--- The task ---
Exact reproduction required: the lines below from the line with "Snapshot of issa_garcia" to the line with "Лючок бензобака Ford Focus 3 (CB8) 2011-2019 Лючок", both ends included, and no others.

--- Given data ---
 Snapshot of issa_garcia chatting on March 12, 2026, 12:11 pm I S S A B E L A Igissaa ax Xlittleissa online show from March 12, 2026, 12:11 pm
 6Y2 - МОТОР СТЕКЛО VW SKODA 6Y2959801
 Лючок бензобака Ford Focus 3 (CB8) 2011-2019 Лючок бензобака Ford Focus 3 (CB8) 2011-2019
* * *
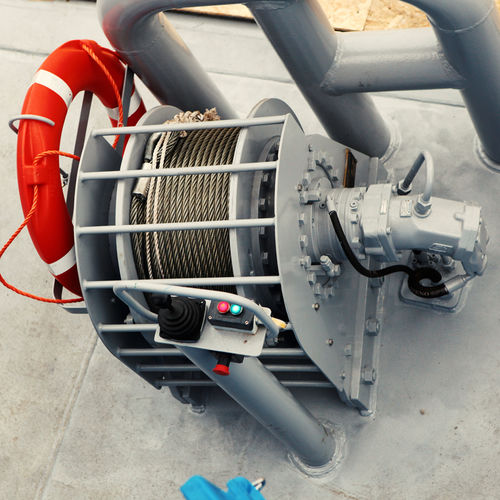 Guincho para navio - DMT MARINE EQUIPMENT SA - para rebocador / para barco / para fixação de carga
...
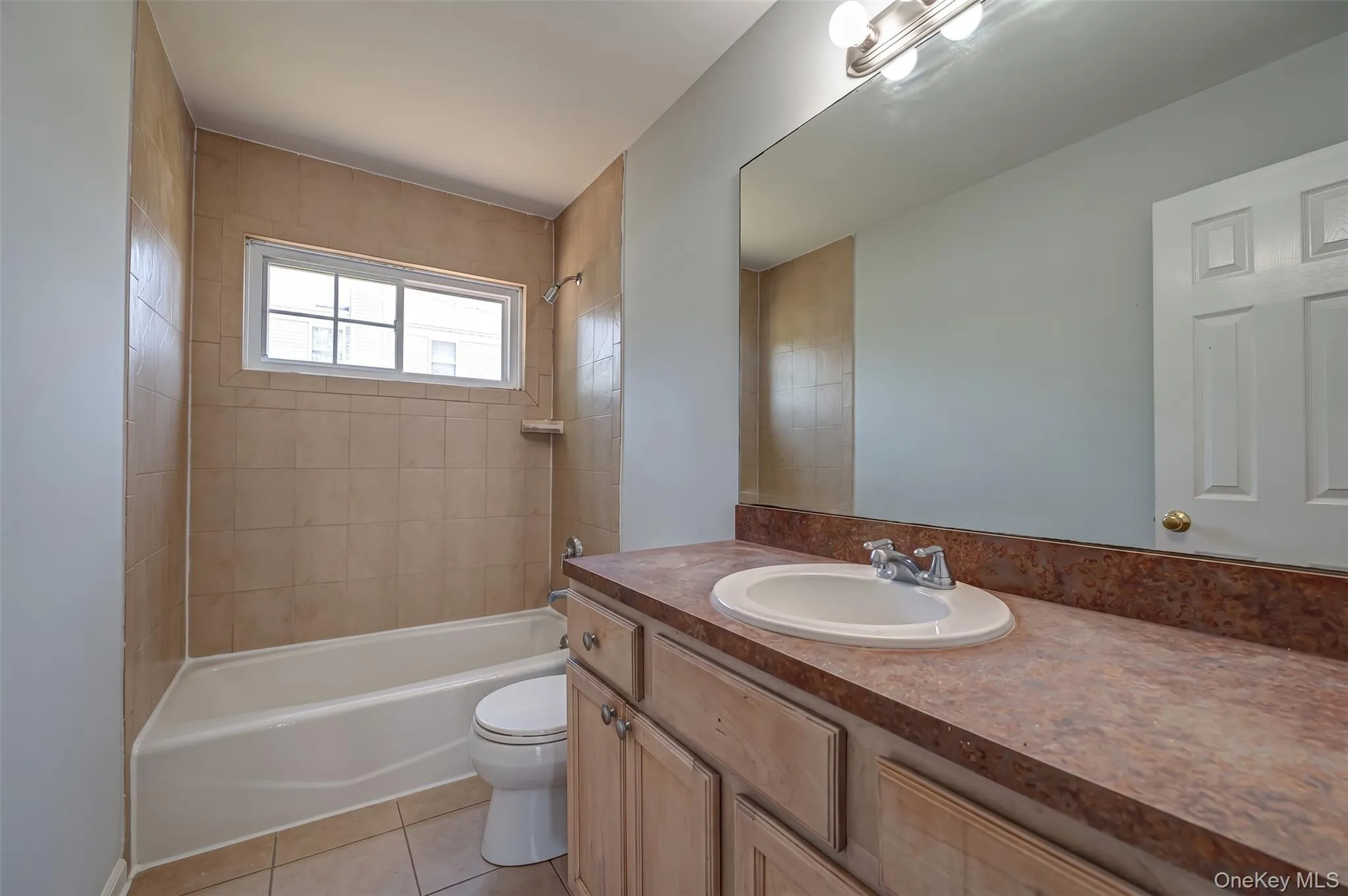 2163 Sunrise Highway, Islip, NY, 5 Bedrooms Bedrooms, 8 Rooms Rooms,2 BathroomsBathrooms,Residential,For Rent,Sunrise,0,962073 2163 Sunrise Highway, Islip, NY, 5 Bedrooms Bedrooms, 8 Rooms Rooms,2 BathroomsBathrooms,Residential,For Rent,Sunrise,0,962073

--- Result for this exercise ---
 Snapshot of issa_garcia chatting on March 12, 2026, 12:11 pm I S S A B E L A Igissaa ax Xlittleissa online show from March 12, 2026, 12:11 pm
 6Y2 - МОТОР СТЕКЛО VW SKODA 6Y2959801
 Лючок бензобака Ford Focus 3 (CB8) 2011-2019 Лючок бензобака Ford Focus 3 (CB8) 2011-2019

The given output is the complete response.